Pretending the enemy’s behavior makes little sense is an evasion of the fact that to understand them would automatically offer painful insight into:
- Oneself;
- one’s weaknesses; &,
- one’s unethical desires.
Indeed, despite attempts at human/Kaiju mind-melding, no attempt is ever seriously made to understand the Kaiju; making them harder to defeat.
The Green Berets-style attempt to justify unwinnable wars by claiming the young are the most threatened by malevolent forces bent on wanton demolition makes no survival sense. For any creature to completely destroy what they feed-off would be suicide (like leaving a job before having another to go to), yet this logical absurdity is completely side-stepped by the screenwriters who, themselves, feed‑off irrational notions to spend and make large sums of money.
Instead, the audience’s attention is focused on the unsubstantiated White belief that humanity would come together to fight a common, external enemy. Something humanity has never done, historically – and are not doing in the current War on Terror. (If Whites win, they will return to fighting the very people who helped them, since the White ego leads White people to believe they are either a conquering army or a resistance force – never able to share anything with anyone else.)
In this movie, we only see the dependency of mutual need exemplified by a technology which appears to make two weak people into one person, rather than two strong individuals working synergistically together. Thus, no gestalt or symbiosis is ever truly established regarding the blind White faith-in-technology which they believe will somehow save them, when the real source of many White problems is the very White ideology that worships such technology, in the first place.
Yet, this movie’s love of industrial production (analogous to the mass-production involved in the film’s making) ultimately leads to the masochistic worship of destruction that is on show here, since what is produced is not spiritually-satisfying and, thus, not felt to be worth preserving. As money-without-wealth (credit) produces boom-and-bust economic cycles; construction-without-meaning helps produce recurring wars (within & without) Western cultures against that very meaninglessness. White people clearly sense their culture is inherently-fragile since it is based on a de facto need for conflict which, inevitably, dooms it from within.
These battling robots and roaring dinosaurs are little more than movie-merchandising opportunities, since this movie’s overly-complex, Heath Robinsonesque way of waging war makes no operational, tactical nor strategic sense. However, they are a good means of dramatizing the combat into individualized fisticuffs – rather than the emotionally-uninvolving spectacle of well-trained warriors clashing en masse.

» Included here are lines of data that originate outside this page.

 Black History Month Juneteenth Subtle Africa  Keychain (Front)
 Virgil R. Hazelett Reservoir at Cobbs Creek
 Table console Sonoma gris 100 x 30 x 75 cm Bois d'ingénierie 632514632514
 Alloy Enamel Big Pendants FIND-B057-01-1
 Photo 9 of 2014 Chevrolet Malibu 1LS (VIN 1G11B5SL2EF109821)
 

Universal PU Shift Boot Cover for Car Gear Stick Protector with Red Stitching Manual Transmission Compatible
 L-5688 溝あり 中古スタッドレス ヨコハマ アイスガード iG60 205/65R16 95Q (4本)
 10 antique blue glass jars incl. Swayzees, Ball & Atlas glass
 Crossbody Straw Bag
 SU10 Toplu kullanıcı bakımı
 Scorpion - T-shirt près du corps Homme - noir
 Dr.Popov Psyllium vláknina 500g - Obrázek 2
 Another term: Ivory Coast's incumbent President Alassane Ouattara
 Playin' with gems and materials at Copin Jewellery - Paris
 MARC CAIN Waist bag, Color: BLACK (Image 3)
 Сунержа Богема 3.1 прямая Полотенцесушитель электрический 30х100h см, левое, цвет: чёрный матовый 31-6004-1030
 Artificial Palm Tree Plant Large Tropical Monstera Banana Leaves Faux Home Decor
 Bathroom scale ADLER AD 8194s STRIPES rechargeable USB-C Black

Yet, despite these attempts at humanizing the drama, humans here are still shown as desperately wanting to survive without a fulfilling reason to do so (apart from rather bland sexual & paternal love stories). A motivating purpose to being alive is evaded in favor of implying that all that people want is simply not to die; inevitably leading to the solacing schadenfreude of hoping others (the Kaiju) are suffering greater existential angst than oneself, to make one’s own existence appear more satisfying – in comparison – than it actually is.
The humor – and the many references to the erstwhile glories of the best Japanese monster movies – serve only to distract attention from the essential emptiness of this exercise in blockbuster Hollywood movie-making (while inadvertently pointing-it-up), in which CGI monumentalism, computer-generated dialog & willful over-acting substitute for a convincing plot, worthwhile characters & an engrossing story.